Daniel Miessler argues the AI discourse gets the baseline wrong. Most companies, workforces, and cyber defences operate at roughly 3 out of 10, not 9.5. AI does not need to exceed human brilliance to be transformative. It only needs to be a 5 or 6 and scale across millions of targets. The real disruption comes from spreading adequate capability everywhere, not from achieving exceptional capability anywhere.

Andrej Karpathy posted an essay on the widening perception gap between casual ChatGPT users who saw hallucinations and moved on, and power users of frontier models watching these systems solve problems that used to take weeks. Developers feel it first not because coding is uniquely vulnerable, but because it is where model capability, AI fluency, and deep domain expertise overlap most cleanly. Other fields will follow.

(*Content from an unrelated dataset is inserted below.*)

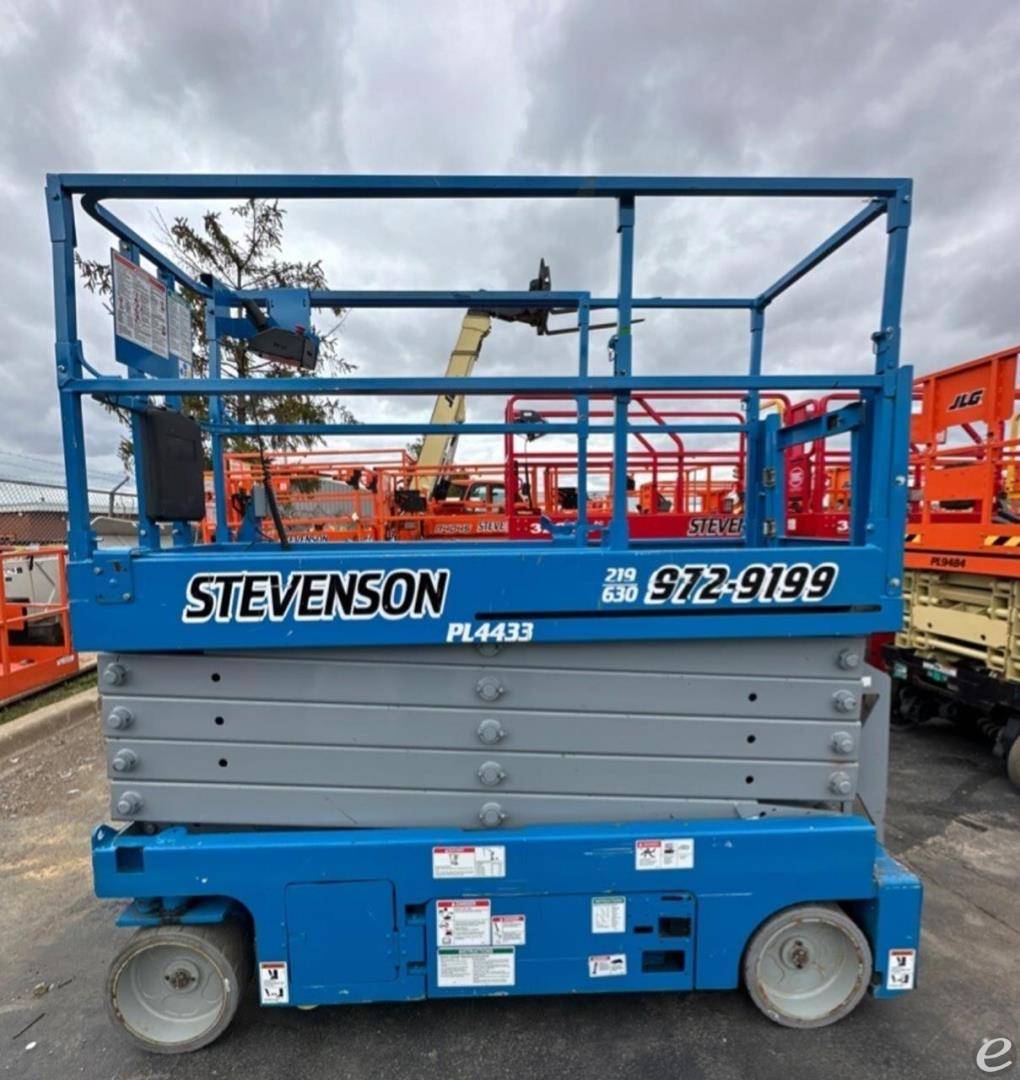 2013 Genie GS3232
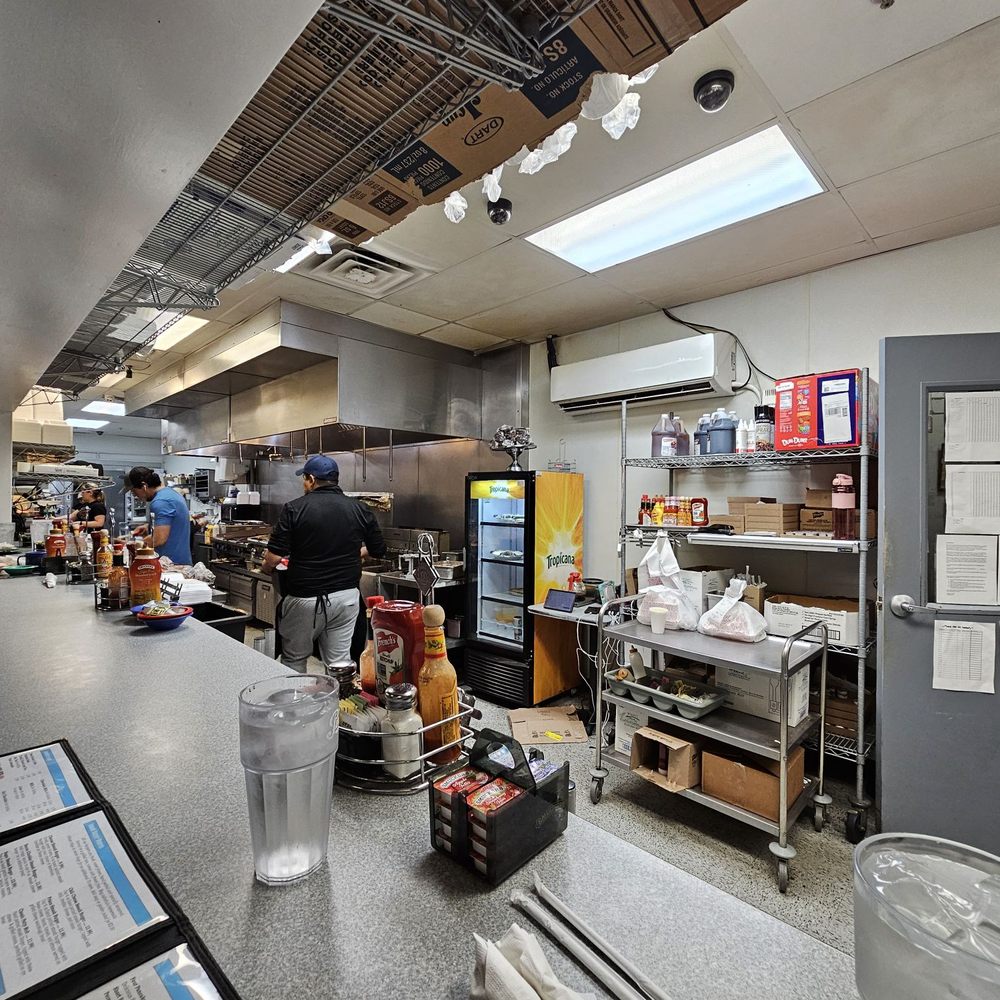 Carolina's Diner - Inside - Diners Near Me - Greensboro, North Carolina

A global survey of 3,750 employees across 14 countries found 54% bypassed company AI tools in the past 30 days and another 33% have not used AI at all. The trust gap is vast: 9% of workers trust AI for critical decisions versus 61% of executives. Average transformation budgets rose 38% to $54.2 million, yet 40% of that spend is underperforming due to adoption failures.

TOOLS

FuzzyAI is an open-source tool from CyberArk for automated fuzzing of LLM APIs. It helps developers and security researchers systematically discover potential jailbreaks before attackers do. The tool runs in Jupyter Notebook for experimentation and has accumulated over 1,300 GitHub stars. Particularly useful for teams deploying LLM-powered features that need to validate guardrail robustness before shipping.

Comprehension Gate uses Claude to generate multiple-choice questions from pull request diffs. Developers must answer all three correctly before the branch can merge, enforced via commit status checks. Questions are embedded directly in the PR comment with no external storage required. The project targets a growing problem: developers merging AI-generated code they have never actually read.